I’ve always loved maps - real maps, maps on paper, in books, framed on the wall, mounted as a globe - all of them. I love their aesthetics and information representation, their practicality and their art. And I really hate it when people draw on maps in pen, even cheap disposable maps. I have to restrain myself to not shout DON’T DRAW ON THE MAP at the hotel receptionist helpfully showing me where to find the best cocktail bar.
Even though I never deface my own maps, I can understand how someone else might mark their destination, to help visualise their route during the journey. You only need to draw the whole planned path on the map in special cases, such as plotting a course at sea (for ships that still use paper maps).
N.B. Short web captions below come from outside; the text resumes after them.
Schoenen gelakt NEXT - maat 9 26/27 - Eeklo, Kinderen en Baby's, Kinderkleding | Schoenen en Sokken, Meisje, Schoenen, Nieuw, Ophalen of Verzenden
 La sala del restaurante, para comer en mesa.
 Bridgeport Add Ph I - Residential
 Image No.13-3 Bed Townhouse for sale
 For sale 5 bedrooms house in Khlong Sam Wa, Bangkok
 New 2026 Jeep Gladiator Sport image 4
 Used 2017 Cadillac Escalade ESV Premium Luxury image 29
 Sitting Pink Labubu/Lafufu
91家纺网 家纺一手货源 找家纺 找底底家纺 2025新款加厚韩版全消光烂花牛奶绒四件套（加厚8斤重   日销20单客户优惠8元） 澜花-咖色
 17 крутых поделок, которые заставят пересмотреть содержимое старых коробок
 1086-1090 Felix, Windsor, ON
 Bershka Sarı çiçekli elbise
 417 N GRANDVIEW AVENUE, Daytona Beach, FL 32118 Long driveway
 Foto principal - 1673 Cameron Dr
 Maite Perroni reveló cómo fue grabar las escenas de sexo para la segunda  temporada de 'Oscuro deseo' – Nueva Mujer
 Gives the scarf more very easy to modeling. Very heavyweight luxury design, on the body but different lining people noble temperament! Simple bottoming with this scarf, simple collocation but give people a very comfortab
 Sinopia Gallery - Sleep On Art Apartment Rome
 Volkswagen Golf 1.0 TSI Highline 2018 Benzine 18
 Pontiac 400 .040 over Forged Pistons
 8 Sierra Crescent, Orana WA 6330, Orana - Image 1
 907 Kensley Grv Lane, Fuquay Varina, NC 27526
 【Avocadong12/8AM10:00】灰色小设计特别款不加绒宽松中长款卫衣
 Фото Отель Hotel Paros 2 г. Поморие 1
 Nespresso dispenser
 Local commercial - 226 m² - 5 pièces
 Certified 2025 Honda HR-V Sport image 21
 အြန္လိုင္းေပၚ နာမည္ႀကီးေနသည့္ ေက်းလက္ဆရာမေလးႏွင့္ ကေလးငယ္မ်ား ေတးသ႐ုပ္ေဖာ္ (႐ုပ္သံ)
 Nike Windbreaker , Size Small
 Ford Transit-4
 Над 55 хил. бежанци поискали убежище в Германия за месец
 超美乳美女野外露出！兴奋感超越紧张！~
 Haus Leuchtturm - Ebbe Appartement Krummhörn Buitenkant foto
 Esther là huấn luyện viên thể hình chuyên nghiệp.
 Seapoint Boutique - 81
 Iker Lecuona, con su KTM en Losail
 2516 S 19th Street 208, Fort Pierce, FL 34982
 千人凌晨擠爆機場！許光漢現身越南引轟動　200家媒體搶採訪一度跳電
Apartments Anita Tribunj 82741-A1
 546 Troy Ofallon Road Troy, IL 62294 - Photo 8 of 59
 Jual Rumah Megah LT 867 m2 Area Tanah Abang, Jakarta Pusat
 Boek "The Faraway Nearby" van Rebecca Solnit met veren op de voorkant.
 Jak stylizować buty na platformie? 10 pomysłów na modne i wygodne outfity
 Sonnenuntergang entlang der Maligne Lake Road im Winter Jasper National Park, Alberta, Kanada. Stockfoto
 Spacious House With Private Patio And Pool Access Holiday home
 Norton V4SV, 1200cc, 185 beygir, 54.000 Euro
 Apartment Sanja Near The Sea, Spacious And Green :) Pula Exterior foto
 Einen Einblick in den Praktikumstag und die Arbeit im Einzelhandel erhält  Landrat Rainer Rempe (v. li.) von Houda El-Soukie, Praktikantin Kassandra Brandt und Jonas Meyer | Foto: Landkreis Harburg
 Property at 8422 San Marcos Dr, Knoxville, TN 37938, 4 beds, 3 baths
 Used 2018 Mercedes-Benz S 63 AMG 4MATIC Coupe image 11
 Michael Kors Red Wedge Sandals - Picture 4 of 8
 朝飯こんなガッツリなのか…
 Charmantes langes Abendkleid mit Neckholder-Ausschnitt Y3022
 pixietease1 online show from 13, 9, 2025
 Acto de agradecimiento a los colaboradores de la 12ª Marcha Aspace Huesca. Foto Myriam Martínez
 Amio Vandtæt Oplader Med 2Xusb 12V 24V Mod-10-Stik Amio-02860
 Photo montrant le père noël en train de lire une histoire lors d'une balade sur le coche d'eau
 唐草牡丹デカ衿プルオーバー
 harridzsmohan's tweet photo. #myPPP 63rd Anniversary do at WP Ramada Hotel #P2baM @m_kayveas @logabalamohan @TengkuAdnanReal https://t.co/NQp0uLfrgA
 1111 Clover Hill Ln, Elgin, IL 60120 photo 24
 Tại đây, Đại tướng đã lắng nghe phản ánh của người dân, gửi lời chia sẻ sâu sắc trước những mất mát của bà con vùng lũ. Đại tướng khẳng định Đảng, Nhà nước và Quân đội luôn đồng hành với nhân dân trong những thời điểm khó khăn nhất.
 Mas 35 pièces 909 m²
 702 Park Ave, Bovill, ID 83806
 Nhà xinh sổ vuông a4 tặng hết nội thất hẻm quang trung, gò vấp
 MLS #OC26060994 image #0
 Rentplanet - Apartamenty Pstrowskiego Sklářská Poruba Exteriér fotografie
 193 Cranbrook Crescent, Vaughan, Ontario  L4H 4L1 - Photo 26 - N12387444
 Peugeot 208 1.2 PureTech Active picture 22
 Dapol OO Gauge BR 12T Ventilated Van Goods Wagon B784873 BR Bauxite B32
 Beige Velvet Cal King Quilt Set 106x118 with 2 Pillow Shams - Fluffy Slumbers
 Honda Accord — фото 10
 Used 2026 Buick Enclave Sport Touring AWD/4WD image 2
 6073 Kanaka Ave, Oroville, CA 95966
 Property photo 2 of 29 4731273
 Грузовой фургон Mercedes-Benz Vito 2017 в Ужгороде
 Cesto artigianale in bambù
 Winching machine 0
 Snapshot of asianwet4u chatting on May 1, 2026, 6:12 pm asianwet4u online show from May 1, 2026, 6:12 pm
The top-left corner of this maritime chart of Cuba, which hangs on the wall in my kitchen, shows a diagonal line drawn on the map to plot a course through the Straights of Florida, past Key West, on bearing 115 degrees. Of the many details shown in the picture, one brings us back to product roadmaps: the navigator plotted this in pencil.
A roadmap represents compromise. Especially when you draw it in marker pen. Product roadmaps compromise between the clarity of making a twelve-month plan and sticking to it, and the flexibility of taking each day as it comes. In practice, you sometimes need a roadmap that falls between these two extremes, because of how sales and marketing work.
Sales people focus on the future, because they focus on the next deal. In business-to-business sales, this future stretches weeks or months ahead. In enterprise sales, doubly so.
Large organisations make decisions slowly, which they address by making decisions in advance, in the form of forecasts, budgets and plans. Choosing to buy your product changes those plans, which takes a long time and lengthens sales cycles. As a result, sales people want to sell the future product, rather than the current product, and so they want to know what this future product can do.
Unfortunately, you can’t predict the future. If you could predict the future, you wouldn’t have to work for a living, in which case you probably wouldn’t be reading this. Selling to enterprise customers means communicating with great care, especially when using product roadmaps.
Marketing campaigns work the way commercial software development used to: fixed dates and big-bang launches. They require a limited compromise: reduce roadmap flexibility in the short-term, for as long as it takes to prepare the campaign. Three things limit the compromise.
- You only need to fix the start of the roadmap - long enough to prepare the campaign.
- You don’t have to include everything on the roadmap in your campaign.
- You can include already-completed work in the ‘release’, trading roadmap uncertainty for delayed customer feedback.
However, these workarounds merely reduce the cost of reduced flexibility.
Opinions vary about whether you can avoid sales and marketing roadmap demand. Meanwhile, organisational trust issues also create roadmap demand. You may need to compromise on flexibility, to achieve better transparency. Just make sure you do it in pencil.